FCC Regulatory Matters |
6 Months Ended |
---|---|
Jun. 30, 2018 | |
Risks And Uncertainties [Abstract] | |
FCC Regulatory Matters |
11. FCC Regulatory Matters
Television broadcasting is subject to the jurisdiction of the FCC under the Communications Act of 1934, as amended (the “Communications Act”). The Communications Act prohibits the operation of television broadcasting stations except under a license issued by the FCC, and empowers the FCC, among other things, to issue, revoke and modify broadcasting licenses, determine the location of television stations, regulate the equipment used by television stations, adopt regulations to carry out the provisions of the Communications Act and impose penalties for the violation of such regulations. The FCC’s ongoing rule making proceedings could have a significant future impact on the television industry and on the operation of the Company’s stations and the stations to which it provides services.

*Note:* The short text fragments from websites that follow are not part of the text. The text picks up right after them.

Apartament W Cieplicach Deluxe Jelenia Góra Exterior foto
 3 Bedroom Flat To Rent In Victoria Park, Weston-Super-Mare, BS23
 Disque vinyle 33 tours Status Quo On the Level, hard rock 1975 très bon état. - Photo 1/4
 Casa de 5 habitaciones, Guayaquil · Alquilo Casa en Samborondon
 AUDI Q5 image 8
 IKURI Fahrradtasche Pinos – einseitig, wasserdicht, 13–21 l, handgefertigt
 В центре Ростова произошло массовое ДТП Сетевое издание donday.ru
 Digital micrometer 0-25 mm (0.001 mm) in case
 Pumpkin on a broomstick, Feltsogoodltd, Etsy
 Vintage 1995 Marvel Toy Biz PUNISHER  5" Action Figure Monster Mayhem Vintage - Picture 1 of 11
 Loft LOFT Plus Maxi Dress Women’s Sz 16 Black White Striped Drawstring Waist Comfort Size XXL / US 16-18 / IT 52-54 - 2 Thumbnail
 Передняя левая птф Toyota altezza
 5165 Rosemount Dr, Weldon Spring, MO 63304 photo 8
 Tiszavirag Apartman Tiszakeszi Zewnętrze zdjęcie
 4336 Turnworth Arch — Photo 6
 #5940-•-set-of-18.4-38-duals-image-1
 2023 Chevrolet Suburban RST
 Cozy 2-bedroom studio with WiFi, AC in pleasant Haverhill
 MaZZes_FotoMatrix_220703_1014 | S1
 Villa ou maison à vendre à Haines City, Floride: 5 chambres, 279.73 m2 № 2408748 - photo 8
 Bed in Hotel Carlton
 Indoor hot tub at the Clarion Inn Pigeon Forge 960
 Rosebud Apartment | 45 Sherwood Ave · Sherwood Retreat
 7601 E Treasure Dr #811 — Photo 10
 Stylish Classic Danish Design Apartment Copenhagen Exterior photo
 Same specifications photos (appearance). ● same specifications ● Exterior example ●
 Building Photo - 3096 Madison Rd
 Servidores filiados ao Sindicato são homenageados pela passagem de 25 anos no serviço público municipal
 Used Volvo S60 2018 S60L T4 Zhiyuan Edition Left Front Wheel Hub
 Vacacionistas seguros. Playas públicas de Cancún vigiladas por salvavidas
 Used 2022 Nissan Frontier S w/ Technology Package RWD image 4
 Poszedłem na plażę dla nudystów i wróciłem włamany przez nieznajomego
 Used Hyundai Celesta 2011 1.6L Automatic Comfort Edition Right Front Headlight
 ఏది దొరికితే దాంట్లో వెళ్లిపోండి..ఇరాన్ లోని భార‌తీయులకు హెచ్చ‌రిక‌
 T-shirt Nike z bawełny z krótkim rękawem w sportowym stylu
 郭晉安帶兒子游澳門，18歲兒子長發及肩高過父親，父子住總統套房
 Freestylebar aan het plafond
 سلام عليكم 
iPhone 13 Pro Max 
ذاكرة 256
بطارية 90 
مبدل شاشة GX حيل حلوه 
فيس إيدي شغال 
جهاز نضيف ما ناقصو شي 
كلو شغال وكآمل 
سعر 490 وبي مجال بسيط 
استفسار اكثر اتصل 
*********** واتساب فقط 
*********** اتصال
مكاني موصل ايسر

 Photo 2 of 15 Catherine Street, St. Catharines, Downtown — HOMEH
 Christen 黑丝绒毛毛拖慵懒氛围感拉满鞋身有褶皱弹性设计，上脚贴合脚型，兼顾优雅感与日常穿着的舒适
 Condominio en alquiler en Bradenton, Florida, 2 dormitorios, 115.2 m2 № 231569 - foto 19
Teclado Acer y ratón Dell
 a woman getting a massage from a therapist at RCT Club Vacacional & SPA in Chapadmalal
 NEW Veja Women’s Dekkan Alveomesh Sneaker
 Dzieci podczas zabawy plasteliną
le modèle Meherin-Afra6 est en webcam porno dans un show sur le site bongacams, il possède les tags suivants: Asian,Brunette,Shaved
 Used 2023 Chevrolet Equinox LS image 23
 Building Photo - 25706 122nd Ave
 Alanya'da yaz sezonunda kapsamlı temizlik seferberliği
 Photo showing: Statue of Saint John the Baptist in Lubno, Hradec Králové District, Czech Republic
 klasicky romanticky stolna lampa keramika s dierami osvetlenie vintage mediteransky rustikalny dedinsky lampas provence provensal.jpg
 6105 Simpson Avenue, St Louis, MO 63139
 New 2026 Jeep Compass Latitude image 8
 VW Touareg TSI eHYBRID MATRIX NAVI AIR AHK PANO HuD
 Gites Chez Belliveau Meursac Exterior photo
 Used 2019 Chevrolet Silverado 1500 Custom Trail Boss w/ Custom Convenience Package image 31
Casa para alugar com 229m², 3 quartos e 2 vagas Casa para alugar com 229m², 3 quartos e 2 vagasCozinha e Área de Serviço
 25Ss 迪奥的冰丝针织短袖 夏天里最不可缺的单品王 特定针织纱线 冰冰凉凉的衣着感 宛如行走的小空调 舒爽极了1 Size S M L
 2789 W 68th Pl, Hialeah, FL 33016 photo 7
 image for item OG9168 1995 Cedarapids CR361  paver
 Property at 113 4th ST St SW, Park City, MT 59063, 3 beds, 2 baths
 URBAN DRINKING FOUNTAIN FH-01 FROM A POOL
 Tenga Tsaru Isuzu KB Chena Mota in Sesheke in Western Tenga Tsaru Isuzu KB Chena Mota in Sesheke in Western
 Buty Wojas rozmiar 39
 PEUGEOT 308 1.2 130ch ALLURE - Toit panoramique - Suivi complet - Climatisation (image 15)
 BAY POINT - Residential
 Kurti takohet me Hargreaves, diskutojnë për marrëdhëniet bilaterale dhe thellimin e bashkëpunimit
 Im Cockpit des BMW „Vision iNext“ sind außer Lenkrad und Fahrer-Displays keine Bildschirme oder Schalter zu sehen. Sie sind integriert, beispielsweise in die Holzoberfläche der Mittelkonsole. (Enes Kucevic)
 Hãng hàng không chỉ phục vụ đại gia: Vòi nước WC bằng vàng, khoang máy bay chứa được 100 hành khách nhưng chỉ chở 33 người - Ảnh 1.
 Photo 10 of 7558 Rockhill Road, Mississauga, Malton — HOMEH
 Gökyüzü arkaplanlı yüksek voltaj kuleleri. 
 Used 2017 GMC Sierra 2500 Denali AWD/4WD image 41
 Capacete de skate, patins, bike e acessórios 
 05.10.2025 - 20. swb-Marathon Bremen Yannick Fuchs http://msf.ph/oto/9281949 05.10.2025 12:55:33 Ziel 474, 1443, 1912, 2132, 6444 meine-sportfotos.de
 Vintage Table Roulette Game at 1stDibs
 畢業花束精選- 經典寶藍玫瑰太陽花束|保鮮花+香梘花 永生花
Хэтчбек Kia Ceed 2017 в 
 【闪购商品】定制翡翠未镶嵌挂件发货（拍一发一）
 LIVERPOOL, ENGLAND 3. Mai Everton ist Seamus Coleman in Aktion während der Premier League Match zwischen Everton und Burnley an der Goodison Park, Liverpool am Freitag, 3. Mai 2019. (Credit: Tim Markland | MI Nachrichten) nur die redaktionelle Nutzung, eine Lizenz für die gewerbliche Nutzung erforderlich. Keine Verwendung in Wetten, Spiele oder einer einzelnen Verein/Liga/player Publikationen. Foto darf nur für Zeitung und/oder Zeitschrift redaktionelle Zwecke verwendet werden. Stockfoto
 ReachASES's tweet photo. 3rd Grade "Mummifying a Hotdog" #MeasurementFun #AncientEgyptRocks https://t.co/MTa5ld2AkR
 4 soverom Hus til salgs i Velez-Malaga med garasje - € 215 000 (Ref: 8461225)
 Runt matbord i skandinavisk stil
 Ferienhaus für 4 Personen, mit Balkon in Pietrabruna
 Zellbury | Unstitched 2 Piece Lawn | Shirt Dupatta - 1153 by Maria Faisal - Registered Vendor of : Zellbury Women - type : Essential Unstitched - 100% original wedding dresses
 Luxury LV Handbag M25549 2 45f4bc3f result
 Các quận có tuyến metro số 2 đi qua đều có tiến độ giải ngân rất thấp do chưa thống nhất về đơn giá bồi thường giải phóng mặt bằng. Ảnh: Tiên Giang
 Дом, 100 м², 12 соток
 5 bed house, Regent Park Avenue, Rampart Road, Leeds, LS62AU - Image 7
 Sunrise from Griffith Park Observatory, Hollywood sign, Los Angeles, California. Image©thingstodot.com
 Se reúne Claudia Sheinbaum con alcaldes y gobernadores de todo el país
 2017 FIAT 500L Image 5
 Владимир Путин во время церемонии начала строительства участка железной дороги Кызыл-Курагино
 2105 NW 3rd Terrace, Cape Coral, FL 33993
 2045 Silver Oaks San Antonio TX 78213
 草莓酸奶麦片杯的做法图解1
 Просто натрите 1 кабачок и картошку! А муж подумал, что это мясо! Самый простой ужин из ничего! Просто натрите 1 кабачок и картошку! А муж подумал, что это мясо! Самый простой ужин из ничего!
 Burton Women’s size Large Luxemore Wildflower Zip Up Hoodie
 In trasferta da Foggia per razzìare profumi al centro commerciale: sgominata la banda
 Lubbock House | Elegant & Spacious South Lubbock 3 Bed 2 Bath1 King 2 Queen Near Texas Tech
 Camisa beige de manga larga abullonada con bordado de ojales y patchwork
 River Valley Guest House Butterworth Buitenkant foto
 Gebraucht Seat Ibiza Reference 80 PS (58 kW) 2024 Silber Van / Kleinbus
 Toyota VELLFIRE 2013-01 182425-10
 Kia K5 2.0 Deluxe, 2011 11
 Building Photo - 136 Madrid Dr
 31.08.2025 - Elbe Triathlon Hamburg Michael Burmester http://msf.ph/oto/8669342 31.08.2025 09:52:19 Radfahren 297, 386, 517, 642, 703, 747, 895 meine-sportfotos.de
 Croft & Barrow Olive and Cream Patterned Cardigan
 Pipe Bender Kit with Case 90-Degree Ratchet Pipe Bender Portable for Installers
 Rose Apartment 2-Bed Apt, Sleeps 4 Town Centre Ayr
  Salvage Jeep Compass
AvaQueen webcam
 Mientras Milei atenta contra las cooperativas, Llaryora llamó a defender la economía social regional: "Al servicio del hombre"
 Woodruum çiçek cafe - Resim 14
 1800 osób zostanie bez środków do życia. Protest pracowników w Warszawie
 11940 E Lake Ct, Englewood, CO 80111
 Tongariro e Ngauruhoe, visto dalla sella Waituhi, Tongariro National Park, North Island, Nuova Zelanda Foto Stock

In addition, the U.S. Congress may act to amend the Communications Act or adopt other legislation in a manner that could impact the Company’s stations, the stations to which it provides services and the television broadcast industry in general.
The FCC has adopted rules with respect to the final conversion of existing low power and television translator stations to digital operations, which must be completed by July 2021.
Media Ownership The FCC is required to review its media ownership rules every four years and to eliminate those rules it finds no longer serve the “public interest, convenience and necessity.”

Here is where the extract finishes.